Sexsmith & Kerr: Destination Unknown

Sexsmith & Kerr: Destination Unknown

On Destination Unknown, Ron Sexsmith brings longtime collaborator Don Kerr to the fore. With him come some gorgeous two-part harmonies and the relaxed atmosphere of a casual collaboration that turned out more accomplished than either probably intended. In the liner notes, Sexsmith calls the collection "misfit songs sung by a couple of misfits," but the end result is as compelling as Sexsmith's solo albums.

For a singer with such a warm and sensitive voice, Sexsmith sure knows how to sneak in a lot of sly business. Destination Unknown's "Lemonade Stand" contains one example, in lyrics proclaiming that a lemonade stand "stands for all that's good in this makeshift world of man." Sexsmith backs the claim with images of "serious boys squinting into the sun." Are they getting a leg up, or just wasting their youth?
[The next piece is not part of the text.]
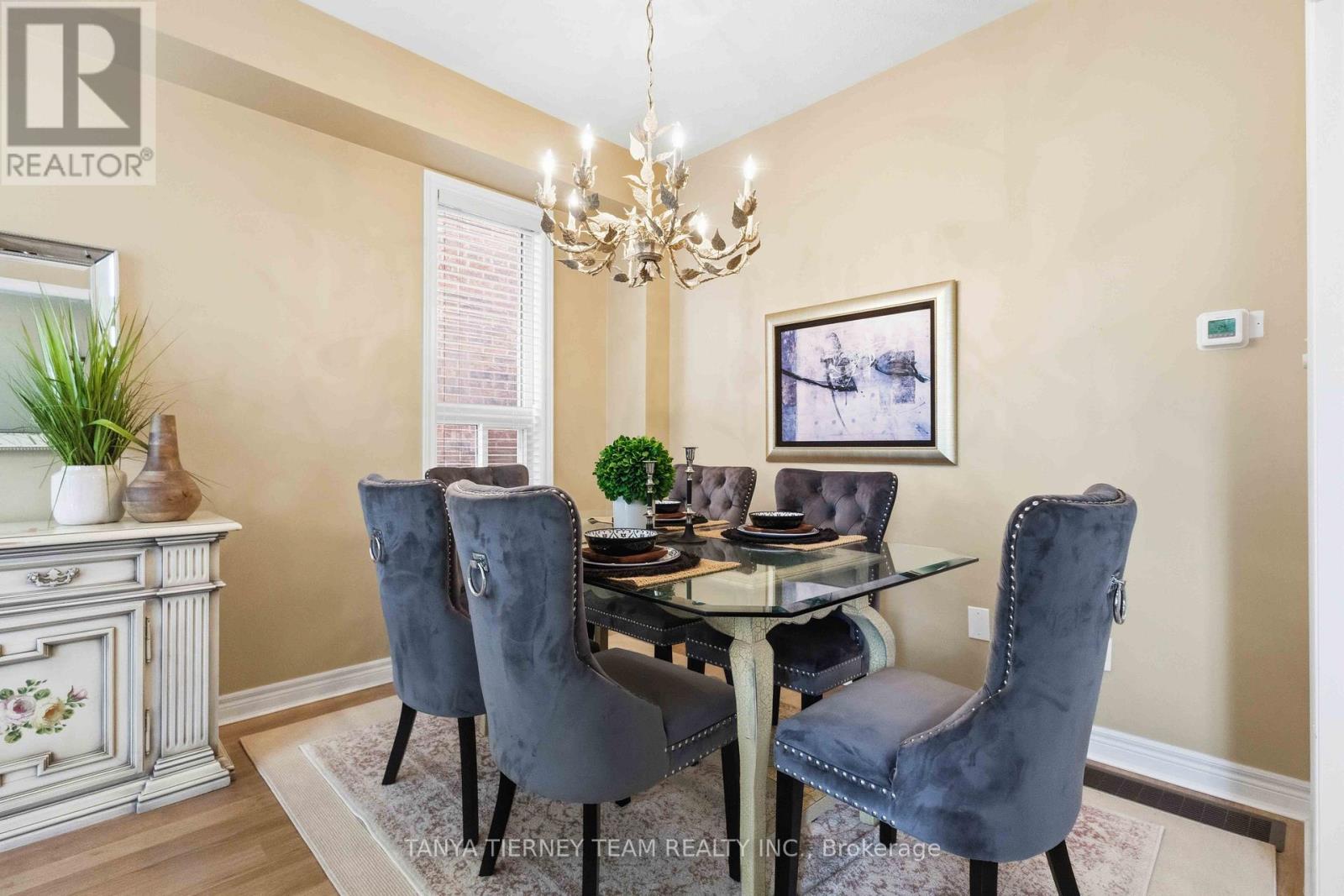 23 Cody Avenue, Whitby, Ontario  L1M 1K7 - Photo 11 - E13481286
Sexsmith isn't telling.

But his songs aren't all mixed messages. He once recorded a track called "God Loves Everyone" that could convert the hardest soul, and when he turns to the subject of love, he's got the conviction of a true romantic. "Beautiful girls pass me by," Sexsmith and Kerry sing on "Only Me," before dropping the punchline: "But they're not you." They also sound baffled by heartbreak on "One Less Shadow," a song that wonders whether it's fate or some other outside force that drives happy lovers apart. Maybe, like the pleasant neighborhoods of the album-closing "Tree-Lined Street," some kinds of love can only be appreciated at their end.

That's a sad sentiment on an album with its share of them, but Sexsmith's songs have a way of rescuing melancholy thoughts from misery and finding the wisdom inside the heartbreak. In Kerr, he's found a partner who helps evoke the sweet from the bitter. Their collaboration has the whiff of a side project—one that both would do well to revive whenever the spirit strikes.